Journals, editors, reviews, and researcher will now have to choose how p values should be labelled. This shifting of alpha from the arbitrary value of .05 emphasizes that arbitrariness. Given the Open Science movement, it is unlikely that .005 will just become a new threshold that is clutched onto as stubbornly as the .05 threshold is currently. The introduction of the label of .05 as ‘suggestive’ is, in this respect, a brilliant move, especially coupled with the explicit recommendation that suggestive results should not suddenly become less publishable.
If we embrace .005 as a threshold for significance, journals will immediately have to reconsider their publication practices. This may finally help journals to take the step towards publishing all research, regardless of outcomes (something we already do at Health Psychology Bulletin, by the way). After all, they have to make some choice anyway: this re-calibration can catalyze this change.
Researchers who have spent most of their career ‘striving for significance’ are more likely to start running larger sample sizes, which would be a great development. Also, study results that make it to the media will be much less likely to be wrong.
The brilliance of this proposal is that it, so to speak, subverts the system from within. Even though the paper’s authors probably all agree that in many situations, NHST is misapplied, and that it often shouldn’t be used in the first place, they managed to formulate a solution that works from within the present dysfunctional context. As they say, this is easy to implement, and doesn’t require new skills of the researchers who will have to use it.

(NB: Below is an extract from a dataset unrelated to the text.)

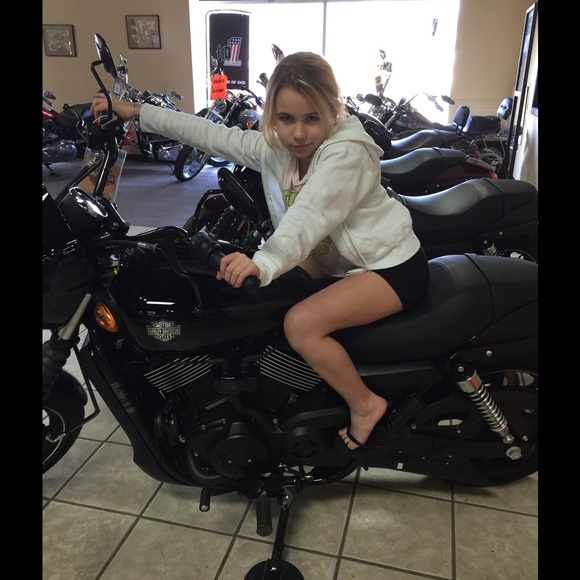 Meet your Posher, Lori and my 4 girls & life!😘⚡️ - Picture 3 of 4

Many responses to this proposal have argued that the solution is not simply shifting alpha, but instead statistics and methodology have to be applied properly. Researchers should use Bayesian approaches more, or set a custom alpha value for each study depending on what exactly they’re studying, or simply power their studies properly.
While all this is true, all these suggestions ignore the wider context and the inconvenient truth that many researchers don’t want to learn more statistics, and just want to do research and yield sensational results.
Appropriate humility
The New Alpha implores a much more humble attitude from the researcher. Researchers can keep on doing the same studies, and can even keep powering their studies for alpha = .05 - but their descriptions of their results would be much more accurate. This would prevent horrible articles like this one (based on this Plos One paper with 20 participants). The researchers would have indicated that their results are suggestive and deserving of more researcher; they would then have done the additional research, and in a follow-up paper based on a more powerful study, either refuted or confirmed the initial results. If this second paper would be covered in the media, the likelihood of spreading misinformation, eventually eroding trust in psychological science, would be much lower.
So, if nothing else, the New Alpha would foster appropriate humility. It would, hopefully, prevent reading too much into results from single studies. In that sense, it can be seen as a heuristic instrument to help ameliorate the biases scientists suffer, being human.